Toplumsal barışın tehdit altında olduğu ve adeta iç savaşın eşiğine getirildiğimiz böylesine kritik bir süreçte halkların barış mücadelesini birleştirmek ve büyütmek üzere kurduğumuz Barış Bloku bileşenleri olan emek ve meslek örgütleri tarafından 23 Ağustos 2015 günü Cezayir toplantı salonunda “İşçiler, Emekçiler Barış İstiyor!” temalı bir Forum gerçekleştirilmiştir.

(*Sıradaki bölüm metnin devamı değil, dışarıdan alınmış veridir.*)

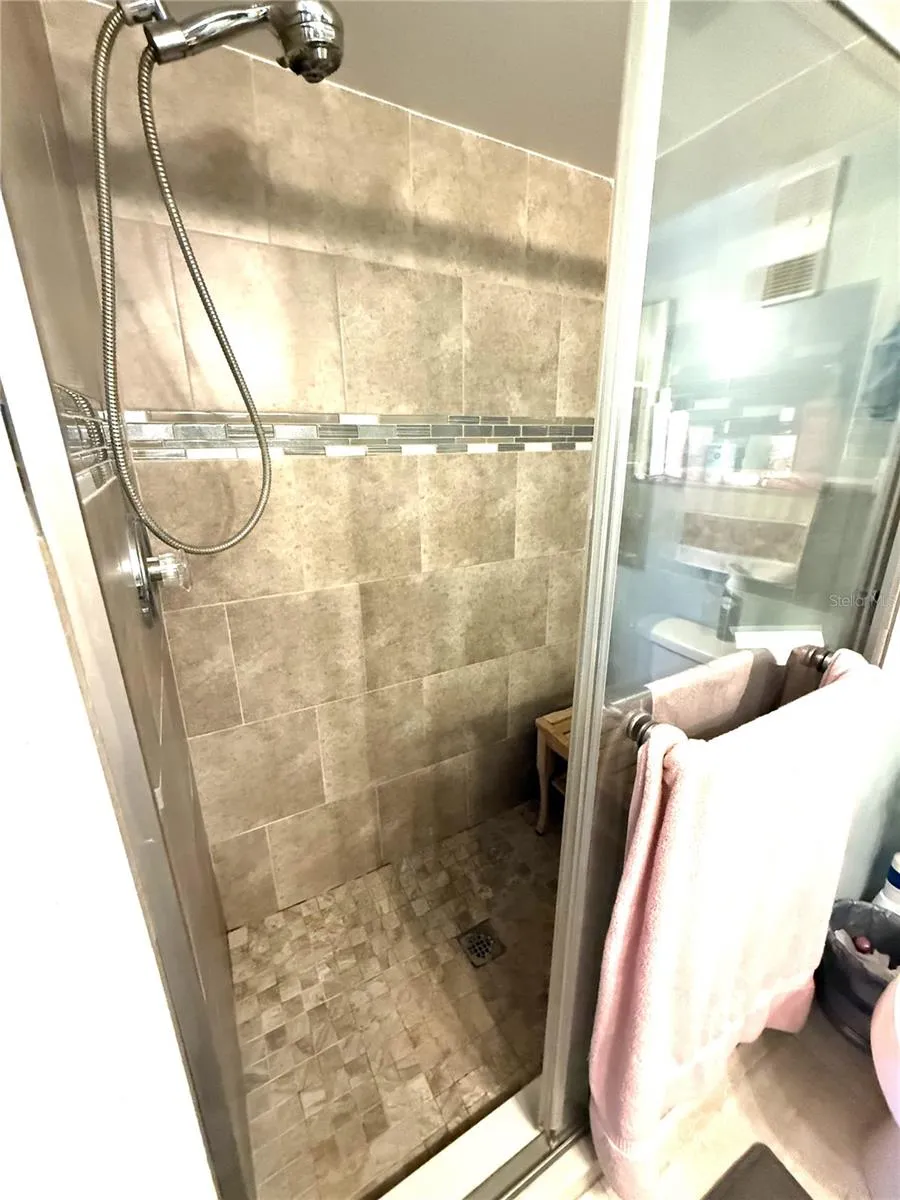 410 E ORLANDO AVENUE #19A Ocoee, FL 34761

Forumumuza, işçi ve kamu emekçileri sendikalarının genel başkan ve şube yöneticileri, tabip odası ve mimar mühendis odalarından yöneticiler, Arçelik LG direnişçileri, UPS Kargo işçileri, Sanifoam direnişçileri, Serapool işçileri, Atanamayan Öğretmenler Platformu, Norm-Çan Ortak direnişçileri, Torunlar İnşaat’tan atılan işçiler, PTT Taşeron işçileri başta olmak üzere çeşitli işyerlerinde çalışan ve direnen işçiler katılmıştır.
Savaş politikalarının işçi sınıfı üzerindeki yıkıcı etkileri, savaşın emek mücadelesine etkileri ve savaşa karşı mücadele yollarının tartışıldığı Forumda, işçi ve emekçilerin sözü en yalın haliyle açığa çıkmıştır.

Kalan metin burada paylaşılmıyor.